静御前は、舞を職業とする白拍子(しらびょうし)の磯禅師(いそのぜんじ)の娘で、当代随一の白拍子と評されていました。室町時代初頭に書かれた『義経記(ぎけいき)』には、後白河法皇が雨乞いの儀式で100人の白拍子を順番に舞わせたところ、100人目の静御前が舞うとたちまち黒雲が現れ、3日間雨が降り続いたことから、法皇より「日本一」と称されたと記されています。
この静御前にまつわる伊坂地区の伝承では、兄源頼朝(みなもとのよりとも)に攻められ、奥州に逃れた義経の跡を追う途中、義経の討死(うちじに)を知り、悲しみのあまり病となり、文治5年(1189)9月15日に伊坂で亡くなったとされています。静御前の遺骸は、伊坂の高柳寺に埋葬されたと伝えられます。なお、高柳寺は、後に中田(なかた)(現在の茨城県古河市)へ移転し、光了寺(こうりょうじ)と名を改めています。光了寺には、雨乞いの儀式で与えられたとされる「蛙蟆龍(あまりょう)の舞衣」が静御前の遺品として伝えられています。
また、栗橋北の経蔵院(きょうぞういん)の本尊「地蔵菩薩像(じぞうぼさつぞう)」(市指定文化財)には、静御前の持仏(じぶつ)との伝承が残されています。
現在、栗橋駅東口から徒歩1分の場所にある「静御前の墓」(市指定史跡)は、享和3年(1803)に勘定奉行・関東郡代(ぐんだい)であった中川飛騨守(なかがわひだのかみ)忠英(ただてる)が、静御前の伝承を聞き、墓に墓標がないことを哀れみ建立したものです。

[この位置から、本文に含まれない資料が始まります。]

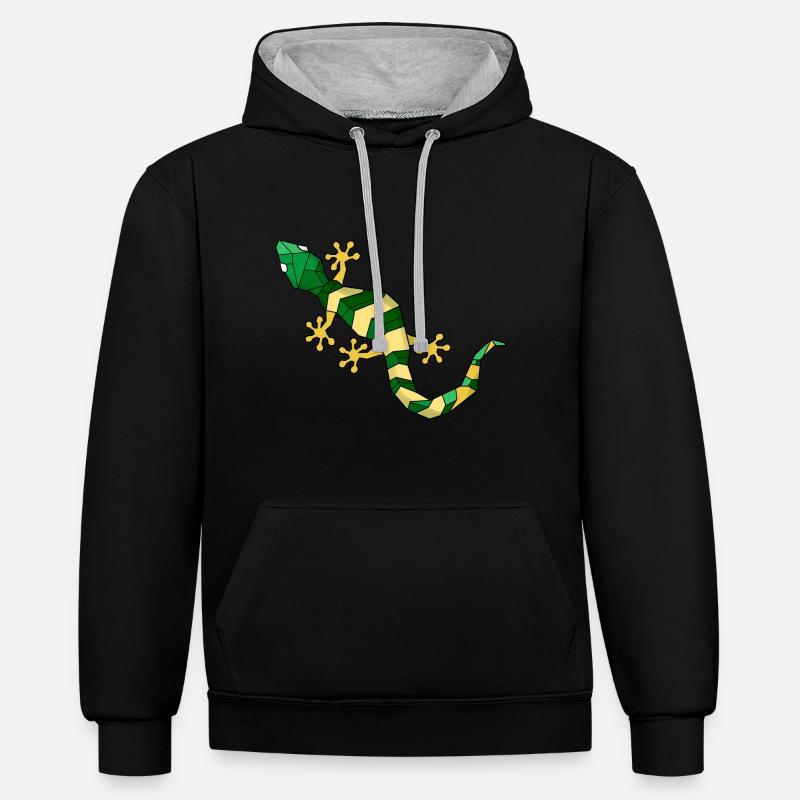 Geometrisch Eidechse - Kontrast-Hoodie - Schwarz/Grau meliert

この「静御前の墓」には、当初は墓標の代わりとしてスギの木を植えたとの伝承があります。文化・文政期(1804・1829)に編さんされた『新編武蔵風土記稿』には、「静御前の墓」と共にスギの大木が挿絵に描かれています。このスギは、弘化3年(1846)の利根川の氾濫により枯れてしまっています。
大正12年(1923)には地元の有志によって静女古蹟(しずじょこせき)保存会が結成されています。現在では静御前遺跡保存会によって、静御前の命日と伝えられる9月15日には毎年墓前祭が営まれています。静御前の伝承は今もなお地元の人々によって語り継がれ、守られています。